··· Dataset extract

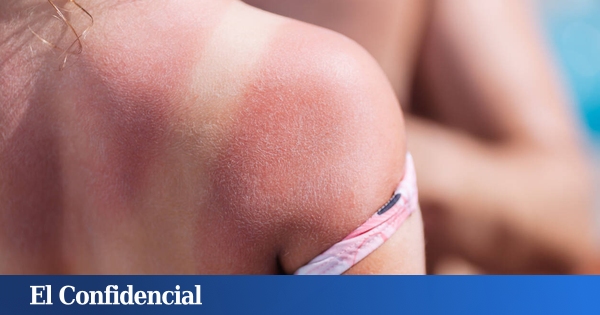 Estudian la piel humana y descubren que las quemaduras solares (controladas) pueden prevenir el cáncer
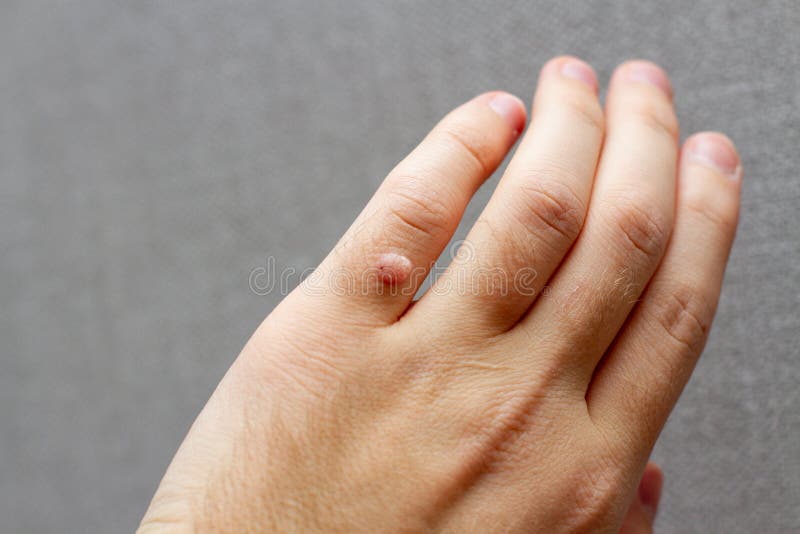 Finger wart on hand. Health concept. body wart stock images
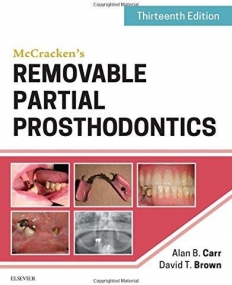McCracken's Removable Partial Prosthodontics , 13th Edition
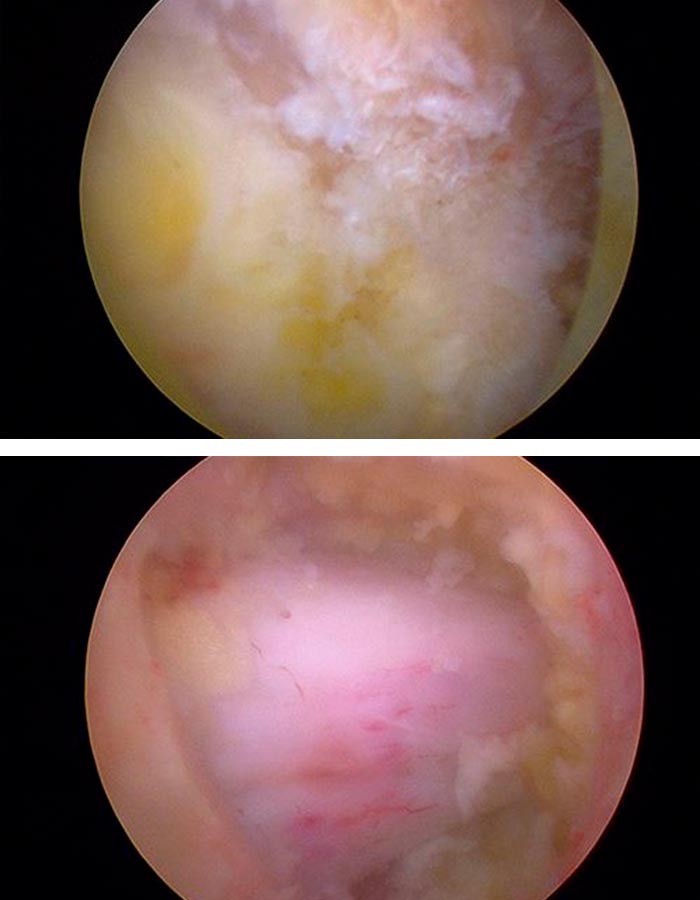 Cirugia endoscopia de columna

······

*Problem statement*:
Nothing but the pictures may be dropped; restate the material word for word.

*The answer*:
 Estudian la piel humana y descubren que las quemaduras solares (controladas) pueden prevenir el cáncer
 Finger wart on hand. Health concept. body wart stock images
McCracken's Removable Partial Prosthodontics , 13th Edition
 Cirugia endoscopia de columna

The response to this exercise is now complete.